The lesson one draws from the ‘Business Partner’ concept is to avoid being pigeonholed in an administrative role and to take the initiative to broaden the remit of the unit today, not five or ten years down the road when more staff are available. As the business grows, otherwise, the line managers who are the ’customers’ of HR simply become accustomed to an HR organisation of form-fillers and administrative assistants, nothing more.
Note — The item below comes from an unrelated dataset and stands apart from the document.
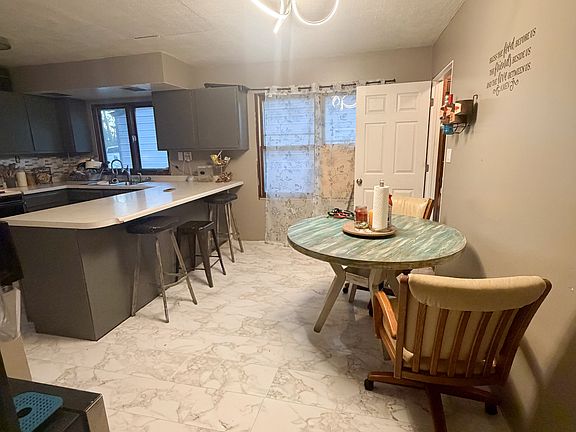 4th image of 2319 Dunn Rd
Reinhardt (2008) suggests pro-actively operationalising the Ulrich model at once by taking three steps:
- Save time, cost and break ties with exclusive identification as administrative service by switching to a Shared Service Centre facility, i.e., outsourcing. Outsourced HR takes on the responsibility for all routine processes: contract management, payroll processing and pay slips, and training seminar administration. Resistance to undertaking this may spring from the perception that administrative tasks are too specialised for outsiders to understand but the truth is that these are all functions with a great degree of commonality across industries and irrespective of the scale of company operations. Nonetheless, it is incumbent on my HR organisation to implement proper oversight for professionalism and quality service.
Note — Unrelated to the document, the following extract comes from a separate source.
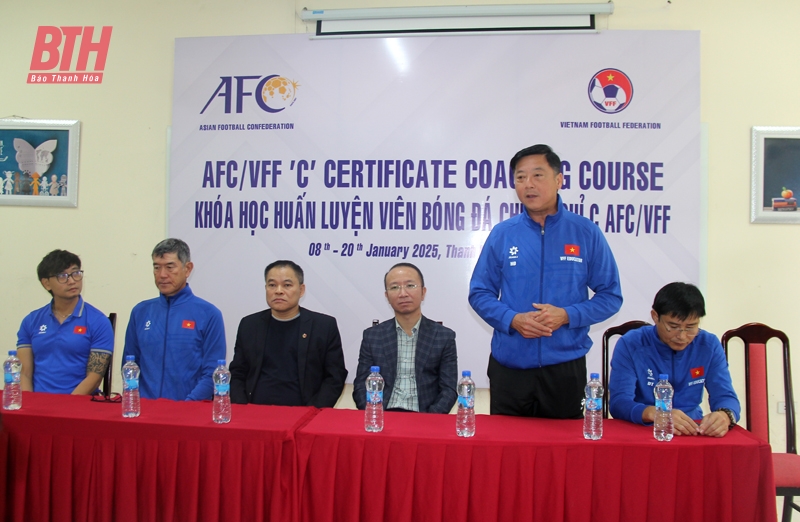 Khai giảng khóa đào tạo HLV bóng đá chứng chỉ C/AFC/VFF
- Immediately transition to a proactive ‘customer management’ role by establishing or deepening relationships with the line managers and supervisors who are HR partner in employee relations and motivation.
- Break new ground with initiatives, however rudimentary, to systematise employee development, performance appraisal, job evaluation and salary grade structures. Classed as Principles and Concept Development (Ibid.), such a role can propel HR marketing by offering management development as the inducement.
Conclusion
Models being what they are, both the Ulrich and Storey theories succeed in postulating key roles for the HR organisation in a sizeable company, notably one where managing the people resource is complicated by globe-spanning operations. Neither model fully accounts for the rich tapestry of HR functions that advance employee well-being in tandem with corporate goals. Neither do they seem to cover the limitations of flexing HR potential in an SME. Nevertheless the astute HR manager must learn to define her role in broader, more diverse terms and market the same to her internal stakeholders: the CEO, managers and senior supervisors.
Bibliography
Caldwell, R. (2003)The changing roles of personnel managers: Old ambiguities, new uncertainties. Journal of Management Studies, 40: pp. 983-1003.
Reinhardt, A. (2008) Barriers and open doors with “HR Business Partners”: An HR concept is translated into practice. Steinbeis Publications. Web.
Sissons, K. & Storey, J. (2000) The realities of human resource management: Managing the employment relationship. OUP
Ulrich, D. (1998) A new mandate for human resources: Analysis of the functions of the human resources departments in increasing productivity and profits. Harvard Business Review, 76 (1) pp. 124-134.